In a reply to the post on X, a user said that one of the factories is selling an RTX 4090 with 48GB of VRAM, and that the 96GB version isn't possible. The OP was informed that this is a different factory doing different things, and that making an RTX 4090 with 96GB of VRAM isn't hard.
- Read more: Chinese AI, cloud firms add VRAM to RTX 40 series GPUs: RTX 4090D with 48GB, RTX 4080 with 32GB
A modded RTX 4090 with 48GB or the monster 96GB of GDDR6X memory won't be guaranteed with stability over time, and due to the large amount of VRAM, the RTX 4090 with 96GB would cost twice as much as the RTX 4090 48GB card.
The RTX 4090 ships with a 384-bit memory bus so you would need at least 4GB GDDR6X memory modules in order to hit 96GB on a custom PCB with 12 channels. There are no 4GB modules of GDDR6X memory on the market, as they're limited to 2GB, but one user said the manufacturer making the RTX 4090 96GB card does have 4GB modules, but that's just hearsay... we don't know who, or where from in a world where they don't exist.
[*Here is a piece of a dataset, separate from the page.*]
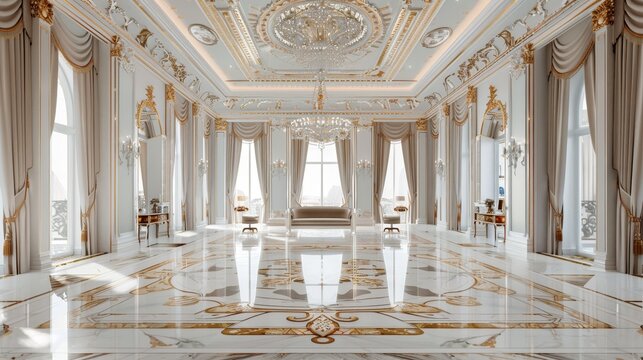 Luxurious Interior Design with Marble Flooring and Gilded Details, Interior Design , Luxury Interior , Marble Floor , Gilded Decor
96GB of VRAM is a huge win for AI workloads and users who don't want to spend considerably more on an AI-specific GPU like the NVIDIA H100 or H200, but considering there's no long-term guarantee because it's a modded card doing something it wasn't built for (24GB versus 96GB VRAM), the concerns of that when spending thousands of dollars per GPU and probably wanting many of these for an AI GPU farm... yeah, it feels a bit sketchy.
Still, I'm a huge nerd and seeing 96GB of VRAM on the RTX 4090 would be awesome to see, no matter that.